Source records
******

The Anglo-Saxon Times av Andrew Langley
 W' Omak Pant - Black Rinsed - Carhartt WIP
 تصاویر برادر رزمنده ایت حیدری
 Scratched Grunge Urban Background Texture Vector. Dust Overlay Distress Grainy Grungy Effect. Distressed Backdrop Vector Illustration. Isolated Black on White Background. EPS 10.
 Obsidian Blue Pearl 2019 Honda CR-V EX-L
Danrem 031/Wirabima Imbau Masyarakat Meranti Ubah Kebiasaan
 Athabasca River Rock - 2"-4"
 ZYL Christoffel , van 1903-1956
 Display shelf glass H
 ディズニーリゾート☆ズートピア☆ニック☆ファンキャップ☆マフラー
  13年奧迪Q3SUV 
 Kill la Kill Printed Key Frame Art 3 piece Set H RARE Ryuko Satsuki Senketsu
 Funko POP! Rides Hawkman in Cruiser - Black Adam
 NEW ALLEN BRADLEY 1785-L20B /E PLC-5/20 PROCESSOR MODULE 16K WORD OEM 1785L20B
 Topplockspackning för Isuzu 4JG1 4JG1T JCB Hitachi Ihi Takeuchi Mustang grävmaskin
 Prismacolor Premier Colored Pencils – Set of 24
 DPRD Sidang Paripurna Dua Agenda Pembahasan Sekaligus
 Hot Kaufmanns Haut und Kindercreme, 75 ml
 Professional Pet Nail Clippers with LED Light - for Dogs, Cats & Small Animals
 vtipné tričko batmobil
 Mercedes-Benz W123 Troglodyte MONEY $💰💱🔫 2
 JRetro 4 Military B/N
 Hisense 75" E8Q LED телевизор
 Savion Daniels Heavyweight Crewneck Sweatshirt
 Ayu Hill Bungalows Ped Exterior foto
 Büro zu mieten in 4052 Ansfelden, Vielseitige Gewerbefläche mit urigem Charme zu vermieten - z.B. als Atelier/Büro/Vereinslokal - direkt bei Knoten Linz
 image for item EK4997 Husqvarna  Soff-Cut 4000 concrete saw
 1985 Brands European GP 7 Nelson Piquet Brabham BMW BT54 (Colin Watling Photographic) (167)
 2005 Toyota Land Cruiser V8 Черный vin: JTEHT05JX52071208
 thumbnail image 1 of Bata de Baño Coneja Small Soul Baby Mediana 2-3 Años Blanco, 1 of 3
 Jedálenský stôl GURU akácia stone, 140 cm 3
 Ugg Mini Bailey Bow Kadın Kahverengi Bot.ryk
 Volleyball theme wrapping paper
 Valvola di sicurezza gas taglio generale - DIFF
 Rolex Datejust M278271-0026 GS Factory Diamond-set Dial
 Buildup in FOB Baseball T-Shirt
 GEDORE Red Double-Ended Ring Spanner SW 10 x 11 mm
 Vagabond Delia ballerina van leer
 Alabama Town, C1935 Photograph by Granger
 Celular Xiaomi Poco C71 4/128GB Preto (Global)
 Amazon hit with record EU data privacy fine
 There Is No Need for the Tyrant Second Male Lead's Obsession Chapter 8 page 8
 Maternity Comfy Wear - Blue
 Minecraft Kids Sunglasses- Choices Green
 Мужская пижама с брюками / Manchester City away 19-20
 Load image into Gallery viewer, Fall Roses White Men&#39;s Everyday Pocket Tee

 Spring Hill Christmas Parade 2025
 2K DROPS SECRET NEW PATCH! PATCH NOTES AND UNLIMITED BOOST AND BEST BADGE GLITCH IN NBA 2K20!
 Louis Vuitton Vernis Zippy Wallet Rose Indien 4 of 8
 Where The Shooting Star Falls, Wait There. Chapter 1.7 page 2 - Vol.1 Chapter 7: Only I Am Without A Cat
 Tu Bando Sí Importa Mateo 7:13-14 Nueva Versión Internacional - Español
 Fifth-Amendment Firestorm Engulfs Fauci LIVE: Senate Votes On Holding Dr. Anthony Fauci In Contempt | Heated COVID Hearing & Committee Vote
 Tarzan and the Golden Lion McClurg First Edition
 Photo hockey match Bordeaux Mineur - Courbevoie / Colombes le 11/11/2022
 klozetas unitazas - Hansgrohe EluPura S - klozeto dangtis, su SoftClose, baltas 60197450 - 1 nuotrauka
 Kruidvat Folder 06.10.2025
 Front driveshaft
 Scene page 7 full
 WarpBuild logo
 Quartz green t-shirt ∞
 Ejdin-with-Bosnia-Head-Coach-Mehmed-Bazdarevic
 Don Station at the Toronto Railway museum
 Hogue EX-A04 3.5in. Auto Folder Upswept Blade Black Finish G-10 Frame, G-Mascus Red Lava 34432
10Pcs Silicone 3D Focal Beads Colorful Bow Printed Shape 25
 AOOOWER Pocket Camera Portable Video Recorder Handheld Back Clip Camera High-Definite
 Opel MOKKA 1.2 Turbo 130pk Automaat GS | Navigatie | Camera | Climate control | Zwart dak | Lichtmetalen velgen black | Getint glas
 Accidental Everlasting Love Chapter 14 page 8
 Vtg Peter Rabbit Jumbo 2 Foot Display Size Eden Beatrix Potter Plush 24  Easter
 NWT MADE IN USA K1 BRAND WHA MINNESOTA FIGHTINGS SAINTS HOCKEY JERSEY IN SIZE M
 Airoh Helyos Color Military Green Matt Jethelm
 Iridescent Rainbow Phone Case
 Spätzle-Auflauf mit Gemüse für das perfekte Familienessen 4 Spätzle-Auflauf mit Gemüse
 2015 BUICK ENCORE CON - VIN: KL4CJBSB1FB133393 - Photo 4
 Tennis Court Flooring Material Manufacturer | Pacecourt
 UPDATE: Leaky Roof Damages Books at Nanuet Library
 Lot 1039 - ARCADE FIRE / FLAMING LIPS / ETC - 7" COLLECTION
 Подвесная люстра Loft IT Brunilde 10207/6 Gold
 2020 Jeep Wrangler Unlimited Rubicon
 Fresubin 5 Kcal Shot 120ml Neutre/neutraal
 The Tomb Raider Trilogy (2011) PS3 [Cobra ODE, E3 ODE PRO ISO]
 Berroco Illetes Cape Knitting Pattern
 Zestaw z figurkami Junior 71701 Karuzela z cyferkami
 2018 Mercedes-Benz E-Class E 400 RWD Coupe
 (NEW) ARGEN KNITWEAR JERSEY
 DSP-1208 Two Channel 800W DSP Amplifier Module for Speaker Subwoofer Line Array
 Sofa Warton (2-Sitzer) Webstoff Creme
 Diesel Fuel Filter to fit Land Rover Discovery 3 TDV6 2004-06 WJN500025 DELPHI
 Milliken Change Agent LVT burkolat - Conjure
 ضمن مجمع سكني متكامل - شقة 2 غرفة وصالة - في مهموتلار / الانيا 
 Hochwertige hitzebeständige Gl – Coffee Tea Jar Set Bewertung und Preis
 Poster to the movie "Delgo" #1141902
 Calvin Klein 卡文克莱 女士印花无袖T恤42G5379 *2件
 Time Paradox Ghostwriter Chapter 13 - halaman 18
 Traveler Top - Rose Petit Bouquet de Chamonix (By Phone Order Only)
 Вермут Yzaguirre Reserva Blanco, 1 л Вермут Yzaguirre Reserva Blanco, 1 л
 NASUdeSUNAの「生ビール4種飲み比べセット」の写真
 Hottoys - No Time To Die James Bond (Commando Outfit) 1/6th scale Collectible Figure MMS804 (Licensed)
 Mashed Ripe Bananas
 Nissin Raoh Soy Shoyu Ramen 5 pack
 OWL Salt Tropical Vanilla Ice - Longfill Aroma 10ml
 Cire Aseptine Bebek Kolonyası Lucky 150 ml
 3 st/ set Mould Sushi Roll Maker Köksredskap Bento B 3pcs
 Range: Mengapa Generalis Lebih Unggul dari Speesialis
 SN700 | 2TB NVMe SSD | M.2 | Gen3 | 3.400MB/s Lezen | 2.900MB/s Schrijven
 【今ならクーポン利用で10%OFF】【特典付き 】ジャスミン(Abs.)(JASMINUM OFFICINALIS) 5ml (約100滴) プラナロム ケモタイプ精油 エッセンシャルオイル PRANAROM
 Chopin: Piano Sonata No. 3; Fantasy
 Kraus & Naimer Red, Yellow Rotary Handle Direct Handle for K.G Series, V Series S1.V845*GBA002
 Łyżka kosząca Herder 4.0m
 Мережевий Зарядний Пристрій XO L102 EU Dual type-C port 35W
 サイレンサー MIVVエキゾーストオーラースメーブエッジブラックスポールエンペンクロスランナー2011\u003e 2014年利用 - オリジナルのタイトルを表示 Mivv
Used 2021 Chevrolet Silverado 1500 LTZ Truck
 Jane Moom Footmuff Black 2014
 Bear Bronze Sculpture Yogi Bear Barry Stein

******

Your task
Whenever a line of the records holds the string "Printed", pick it out and copy it.

Expected answer
 Kill la Kill Printed Key Frame Art 3 piece Set H RARE Ryuko Satsuki Senketsu
10Pcs Silicone 3D Focal Beads Colorful Bow Printed Shape 25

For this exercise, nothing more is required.